Douglas Deeds, Chair made with recycled beer cans, first made in Syracuse, New York, ca. 1960. Courtesy of Douglas Deeds.

Mingei International Museum’s latest exhibition, “San Diego’s Craft Revolution: From Post-War Modern to California Design” showcases the work of over sixty artists and thirty years of undocumented local art history. The exhibition considers the work of local craftsmen and craftswomen from the postwar period of the 1940s through the 1970s. Works range in medium from sleek copper sculptures to handmade chairs and jewelry. While the range of works is quite eclectic, what stands out the most is the design infused into these everyday objects and the artists behind the works themselves.
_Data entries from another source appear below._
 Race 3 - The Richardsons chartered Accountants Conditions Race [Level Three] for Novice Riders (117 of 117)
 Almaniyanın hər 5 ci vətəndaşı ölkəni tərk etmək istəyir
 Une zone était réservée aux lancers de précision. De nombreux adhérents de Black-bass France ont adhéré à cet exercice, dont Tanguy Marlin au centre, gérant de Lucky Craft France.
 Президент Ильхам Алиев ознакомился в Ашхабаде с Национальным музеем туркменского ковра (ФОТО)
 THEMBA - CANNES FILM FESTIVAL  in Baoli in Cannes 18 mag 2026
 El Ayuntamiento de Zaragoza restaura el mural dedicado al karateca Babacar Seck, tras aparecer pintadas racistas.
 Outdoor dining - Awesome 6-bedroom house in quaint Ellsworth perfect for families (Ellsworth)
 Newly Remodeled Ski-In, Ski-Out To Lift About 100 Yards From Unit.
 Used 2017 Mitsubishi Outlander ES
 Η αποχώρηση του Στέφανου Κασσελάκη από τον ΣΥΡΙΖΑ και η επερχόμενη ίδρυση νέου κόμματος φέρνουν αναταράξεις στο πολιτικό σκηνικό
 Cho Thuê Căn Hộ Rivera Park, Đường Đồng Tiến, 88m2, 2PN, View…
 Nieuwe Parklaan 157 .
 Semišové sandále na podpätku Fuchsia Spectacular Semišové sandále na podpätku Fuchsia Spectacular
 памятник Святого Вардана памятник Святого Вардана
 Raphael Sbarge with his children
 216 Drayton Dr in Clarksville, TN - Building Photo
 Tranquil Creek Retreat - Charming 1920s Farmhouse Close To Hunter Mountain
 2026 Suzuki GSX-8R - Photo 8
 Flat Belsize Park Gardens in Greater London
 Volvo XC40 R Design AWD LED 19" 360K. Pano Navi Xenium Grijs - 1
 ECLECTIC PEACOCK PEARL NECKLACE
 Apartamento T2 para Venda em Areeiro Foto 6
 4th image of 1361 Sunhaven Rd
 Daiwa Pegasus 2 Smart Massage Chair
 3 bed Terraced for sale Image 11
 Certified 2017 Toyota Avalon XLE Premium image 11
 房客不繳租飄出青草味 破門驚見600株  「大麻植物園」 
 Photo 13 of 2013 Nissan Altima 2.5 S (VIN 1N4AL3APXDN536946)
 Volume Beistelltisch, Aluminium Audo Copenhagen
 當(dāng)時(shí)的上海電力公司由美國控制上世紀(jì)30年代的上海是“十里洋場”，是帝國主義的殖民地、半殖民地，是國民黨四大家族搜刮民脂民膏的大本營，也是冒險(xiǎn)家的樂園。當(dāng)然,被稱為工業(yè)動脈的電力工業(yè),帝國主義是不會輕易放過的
So many of the artists featured in “San Diego’s Craft Revolution” are, in fact, women. Take for example, Arline Fisch, an artist of the 1960s and ‘70s working with large-scale jewelry that was meant to be worn as body ornament. Though her “Halter and Dress” piece from 1968 might appear showy when photographed on the female form, it simultaneously showcases both the body ornament itself and the wearer—ultimately, photographs of Fisch’s pieces speak to the tumultuous ‘60s themselves. It then appears that though Fisch was creating large-scale jewelry or body ornament, it went beyond the everyday to something more ceremonial.

Malcolm McClain, Pot, late 1950s, slab-built stoneware, 13 ½ x 12 x 10 ½ in. Collection of Laurence McGilvery. Photograph by Steve Oliver.

Lynn Fayman, self-portrait, ca. 1954. Courtesy of Danah Fayman.

Comparatively, husband and wife team, Ellamarie and Jackson Woolley’s large-scale copper-pieces “Reflective Sun” and “Creative Sun” of 1964 feature crumpled copper pieces transformed into an abstract sun form. The works were originally commissioned for the Civic Theater as a means to play off the interior light. In the thirty years since the original commission, the works have faced many unknowns. It is only now, in the current Mingei exhibition, that the Woolley’s works can finally be showcased to the public.

Mingei’s latest exhibition sheds light on an often forgotten moment in San Diego’s own art history: that of the craft revolution. The exhibit is part of Southern California’s recent arts initiative, “Pacific Standard Time: Art in L.A. 1945-1980.”

“San Diego’s Craft Revolution: From Post-War Modern to California Design” runs through April 15, 2012 at the Mingei International Museum in Balboa Park.